A cidade de Serra do Ramalho é apresentada como o próprio título do longa: a cidade do futuro. O termo faz referência ao projeto realizado pelo governo na década de 70 que realocou os moradores da cidade em detrimento da construção de uma represa. Assim, o filme mostra de que formas estes acontecimentos anteriores continuam presentes na vida dos moradores da cidade.

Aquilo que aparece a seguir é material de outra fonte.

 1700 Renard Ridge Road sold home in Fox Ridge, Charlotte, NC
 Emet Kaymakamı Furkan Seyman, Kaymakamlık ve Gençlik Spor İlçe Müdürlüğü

O grande crédito acerca da utilização desta história e contexto é a realização de um retrato livre de generalizações. Por se tratar do sertão nordestino, muitos espectadores e produtores esperam mostrar um ambiente seco e praticamente inóspito. ‘A Cidade do Futuro’, entretanto, atenua a vivência na cidade como em qualquer outro lugar sem procurar esconder seus problemas. Principal exemplo disto é a utilização de diferentes cenários naturais, mostrando vegetação, animais e práticas de lazer, tornando mais intensa* a forma que a essência da cidade e dos personagens é retratada.

A volta da explicação acerca do que houve com o local chama atenção do espectador para aspectos decorrentes em todo filme. Em contraponto a estas imagens, a trama é levada com boas escolhas no roteiro ao mostrar de que forma a escolha de Milla, Gilmar e Igor se tornou predominante sobre eles.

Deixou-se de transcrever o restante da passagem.